I norvegesi: basta metodi soft contro il crimine

Ieri vertici nazionali e gente comune della Norvegia si sono raccolti dentro e fuori il Parlamento, per rendere omaggio alla «generazione di eroi» che ha reagito compostamente, e con tolleranza, alla duplice strage di Anders Behring Breivik sull’isola di Utoya (fucile in mano) e a Oslo (una bomba). Tuttavia, com’era prevedibile, due norvegesi su tre - secondo un sondaggio del quotidiano Verdens Gang - chiedono «pene più severe per i crimini gravi». Breivik, di fatto, rischia «solo» 21 anni, dopo che l’imputazione per «crimini contro l’umanità» ipotizzata dalla procura di Oslo è apparsa quasi impraticabile: pena troppo debole per il 65,5 per cento degli interpellati dal quotidiano (il 23,8 per cento, invece, ritiene che sia adeguata). Il ministro della Giustizia Knut Storberget ha accolto il sondaggio «senza sorpresa», ribadendo che «dobbiamo ascoltare, discutere, senza arrivare a conclusioni affrettate. È importante che la politica non si faccia condizionare da uno stato di panico». Intanto il Ramadan della comunità islamica norvegese (100mila membri) si è inaugurato «nel segno dei 77 morti».
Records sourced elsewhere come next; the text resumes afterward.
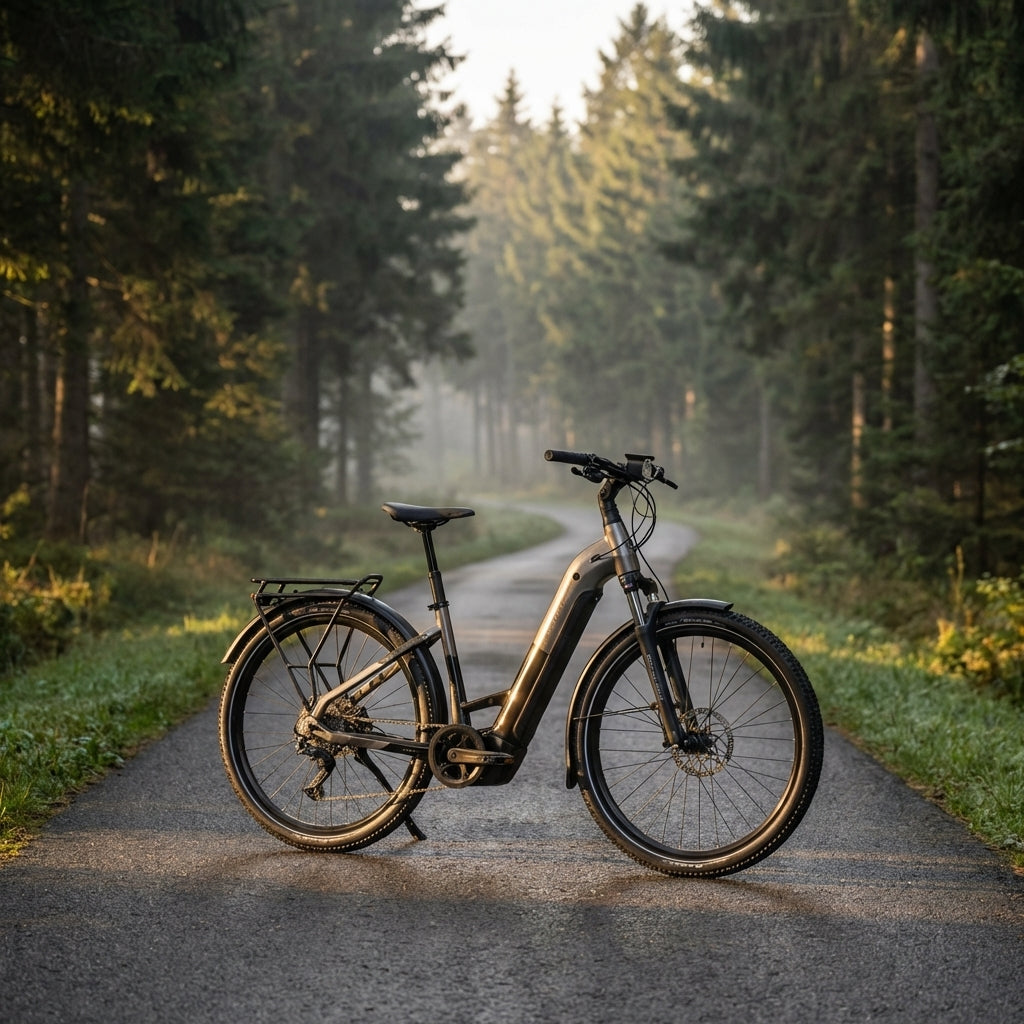 Haibike TREKKING 6.5 LOW E-Bike mit Tiefeinstieg in Stardust/Titan auf einem Waldweg.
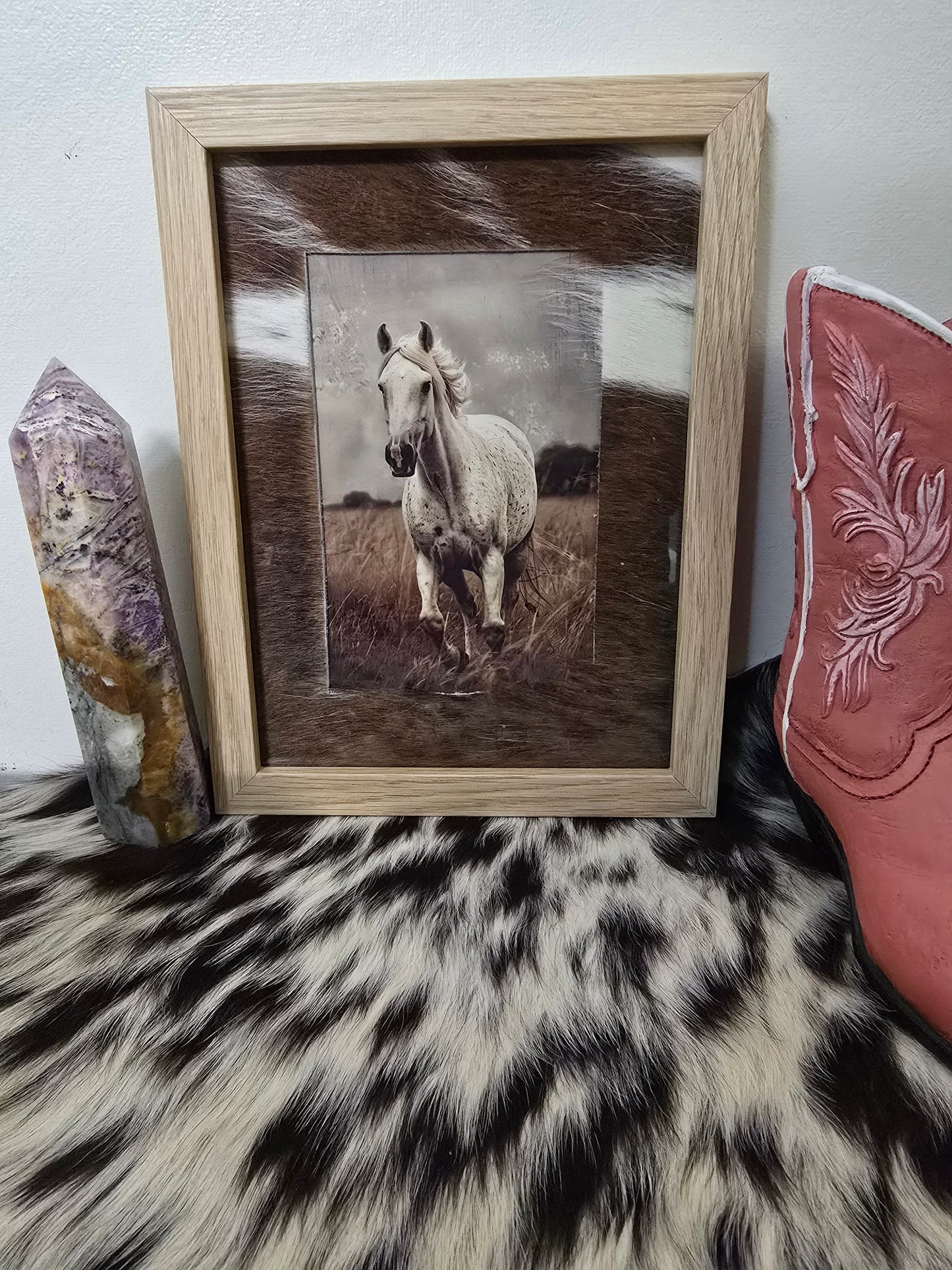 Cowhide frame with print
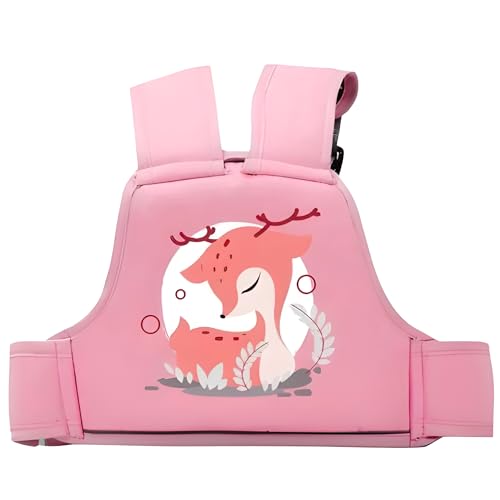 PAX PARROT Kids Safety Belt for Two Wheeler, Bike, Activa & Scotty – Backpack Style with Reflective Straps, Breathable Net, Deer Design, Double-Stitched for Durability (Pink)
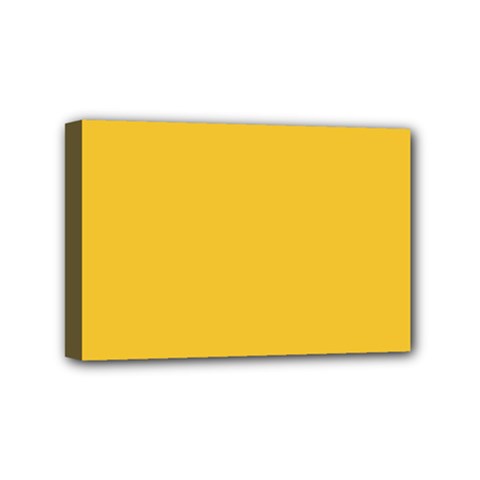 True Saffron Yellow Color Mini Canvas 6  X 4  (stretched) by SpinnyChairDesigns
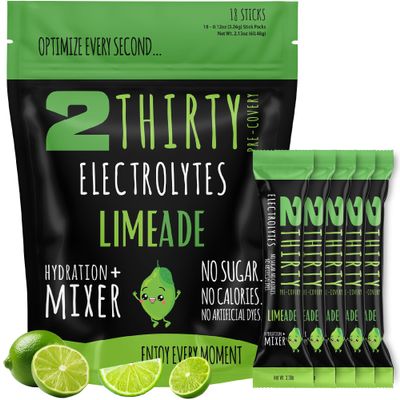2THIRTY Hydration + Mixer DHM Alternative Electrolyte Powder Packets | Zero Sugar 5-in-1 Hydration & Recovery Drink Mix | Vitamin B12 Antioxidants | Limeade 18 Sticks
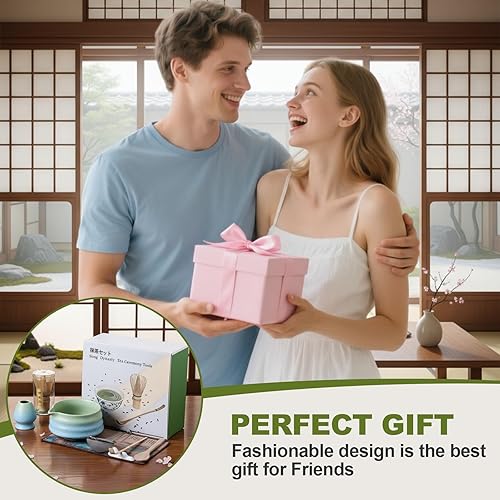 Miniatura 7 de Juego de batidor de matcha, juego de 8 piezas de matcha y kit de matcha con cuenco de cerámica, batidor, tamiz de acero inoxidable, cuchara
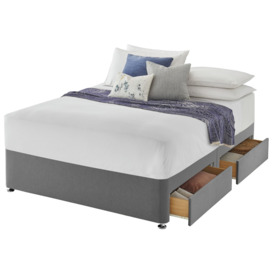 Silentnight Double 4 Drawer Divan Bed Base - Grey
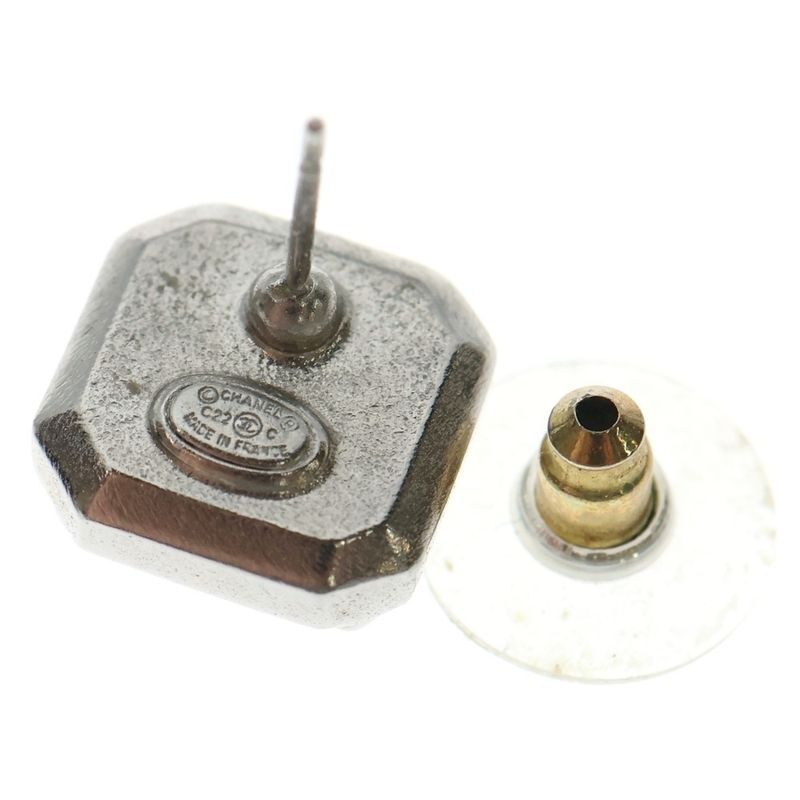 Chanel Square Coco Mark Rhinestone Earrings C22c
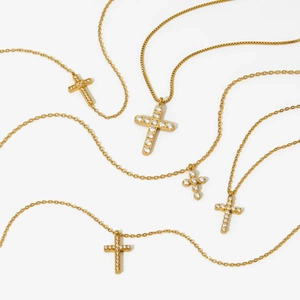 Golden stainless steel cross pendant necklaces with sparkling zircons for men and women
Durante la manifestazione al Parlamento il premier Jens Stoltenberg (dei laburisti, partito multiculturalista in ascesa secondo i sondaggi), con accanto re Harald V e il principe ereditario Haakon, ha ringraziato il popolo norvegese «che si è mostrato responsabile quando ce n’era bisogno, che ha conservato la sua dignità» e ha parlato di una «generazione del 22 luglio» fatta «di eroi e di speranza», ma anche di un «prima e di un «dopo» Utoya.